• _ASSIGNMENT_: Everything from the line with "Thumbnail: 2020 Mercedes-Benz SLC - 11" to the last line of the listing must be retyped exactly, both ends included, with the pictures dropped.

• _INPUT DATA_:
****************************************

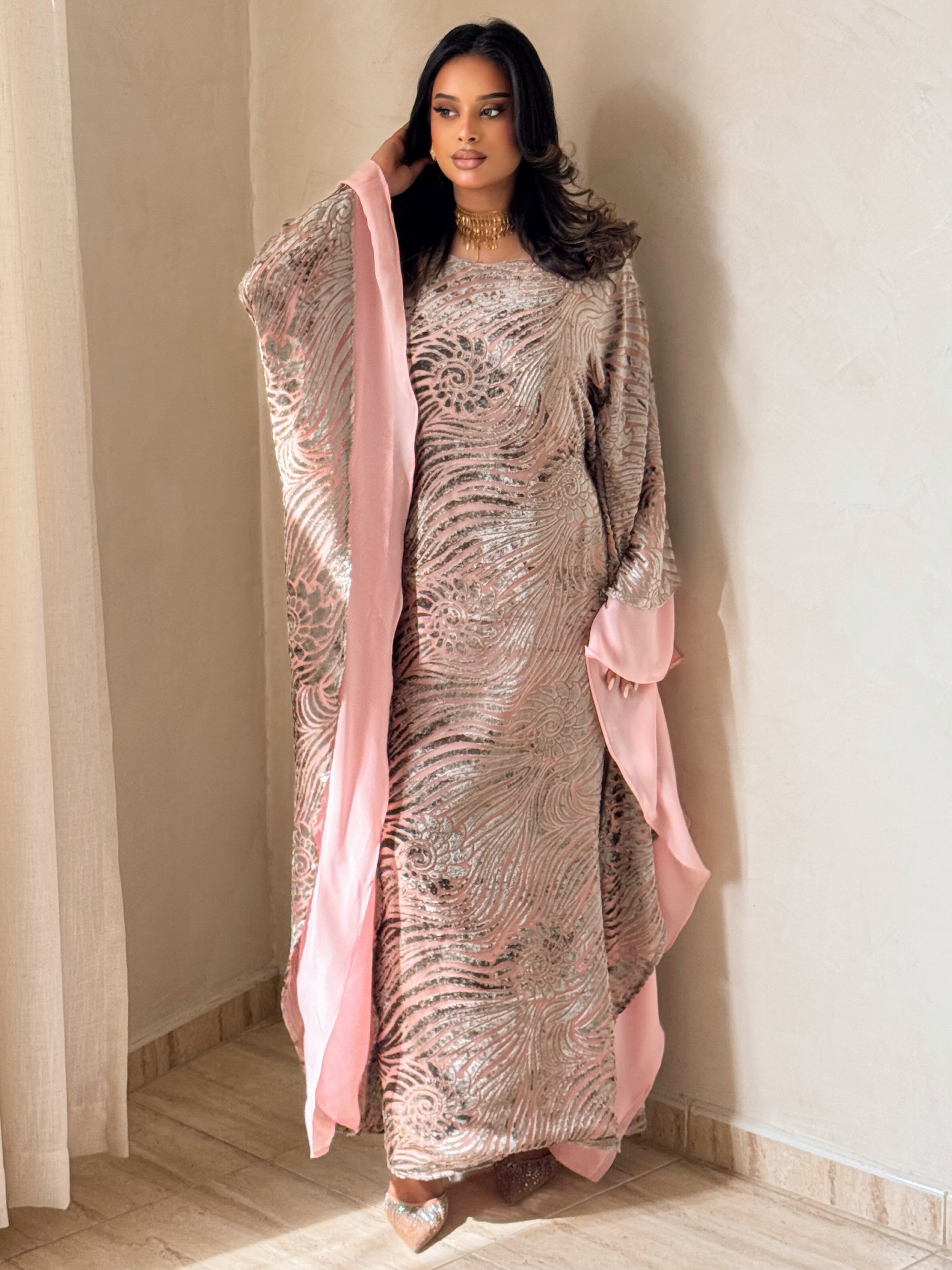 MEI701 - Pink & Grey Velvet Jalabiya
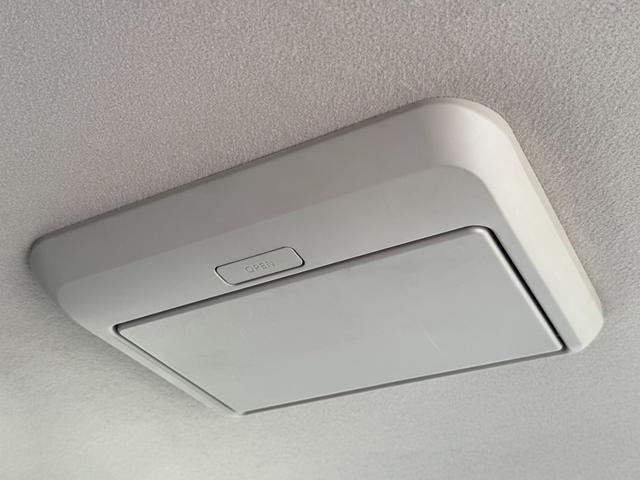 セレナ ハイウェイスター　Ｓ－ハイブリッド　／２６後期／後席モニターフルセグ／Ｂｌｕｅｔｏｏｔｈ／ＤＶＤ再生／バックカメラ／両側電動スライド／インテリジェントキー／キセノンヘッドライト／ＥＴＣ（4枚目）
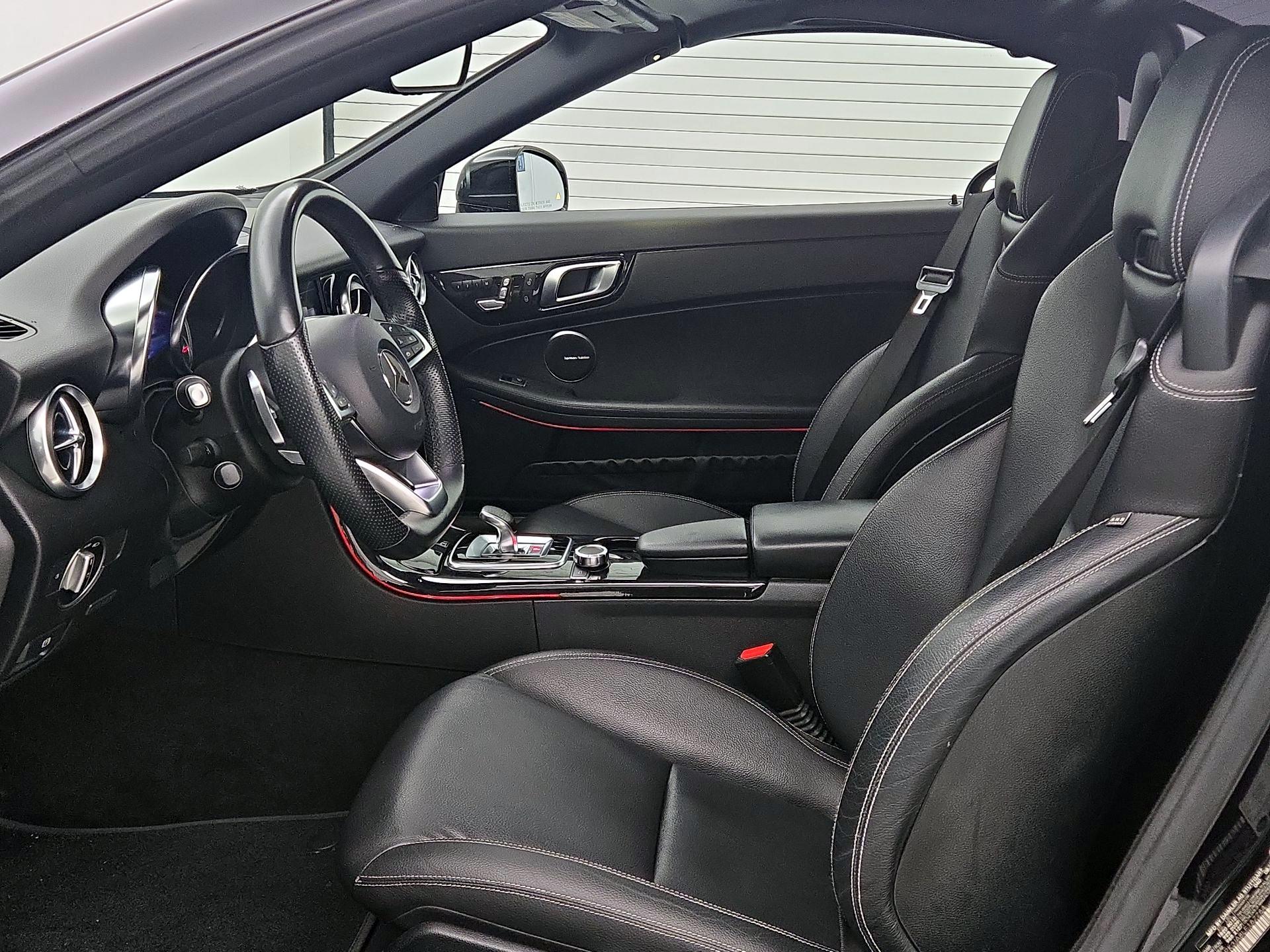Thumbnail: 2020 Mercedes-Benz SLC - 11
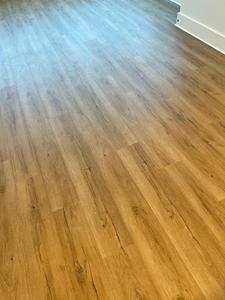 Suelo SPC Rígido Moderno VFLOOR, Resistente al Agua, Anti-Rayones, Sistema de Clic, Planchas Medianas, Garantía de 5 Años - Product Image 2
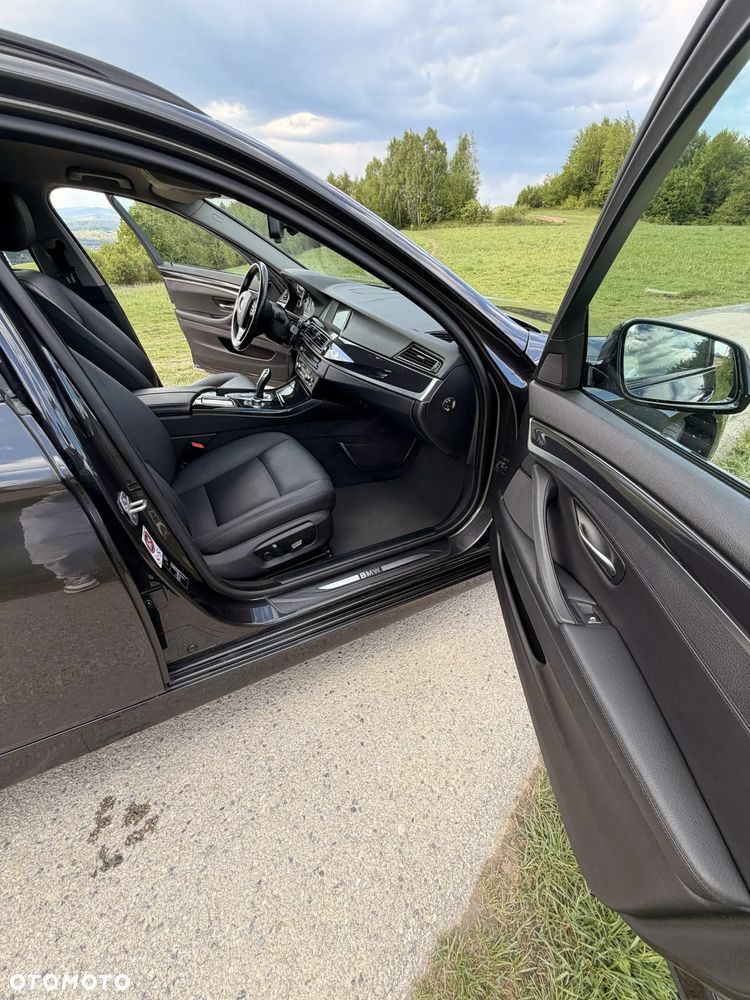 BMW Seria 5 520d xDrive - 16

****************************************

• _EXERCISE SOLUTION_:
Thumbnail: 2020 Mercedes-Benz SLC - 11
 Suelo SPC Rígido Moderno VFLOOR, Resistente al Agua, Anti-Rayones, Sistema de Clic, Planchas Medianas, Garantía de 5 Años - Product Image 2
 BMW Seria 5 520d xDrive - 16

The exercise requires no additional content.